A large scallop steamed in apple juice was sliced and served with fermented celeriac and a sauce with dill oil. James Banks, serving my table, told me the name of the farmer who had shot my fallow-deer venison, served rare with a black garlic glaze, accompanied by a taco-like brussels sprout leaf with slow-cooked shoulder, fermented turnip and blobs of sloe puree.
(I have to watch my sugar intake these days, otherwise I would tell you about desserts such as brown butter and rhubarb; and cake made from chicory root and blackcurrant. I enjoyed a beautiful blackened apple tart with caramelized cream with walnuts.)
While these were classic combinations, the quality of the ingredients, the originality of the presentation and the assuredness of the cooking lifted them above the everyday. OK, it’s not the kind of creative contemporary gastronomy on show at World’s 50 Best Restaurants. I well remember my final meal at five-time winner El Bulli that consisted of 48 courses, few of which I could identify. (A crimson liquid described as hare’s blood was particularly disconcerting. It turned out to be beetroot juice, which was actually worse.)
And what did the TripAdvisor users think of the Black Swan? “Absolutely stunning meal last night, service and food were faultless,” one said. All the dishes “were out of this world,” said another. “Probably the best meal I’ve ever had,” said a third. And: “Who would have thought that peas could taste like heaven?”
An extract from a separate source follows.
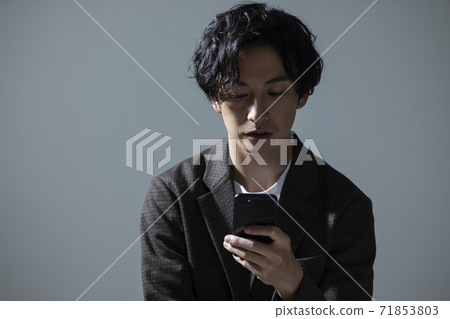 A man who uses a smartphone 71853803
But you can’t please everyone, at least not on TripAdvisor. One reviewer recently complained that the dining party was “sat on our own absolutely no atmosphere” and “bread was under cooked I could have rolled the inside dough into balls.” (I thought the bread was sensational.)
Banks serves farm-to-table dishes that are focused on the table and the diner rather than on abstract concepts and zany creativity. It’s comfort food that doesn’t step too far outside the comfort zone, yet manages to avoid predictability. It’s about the flavor of the ingredients, rather than the imaginings of the chef. It is good British cooking, taken to another level. And there is a highly imaginative wine list, too.
It may not be my pick for the best restaurant in the world, but it was one of my most enjoyable lunches of the year. It’s more than 230 miles from London but I would not hesitate to go back. If only I could get a table.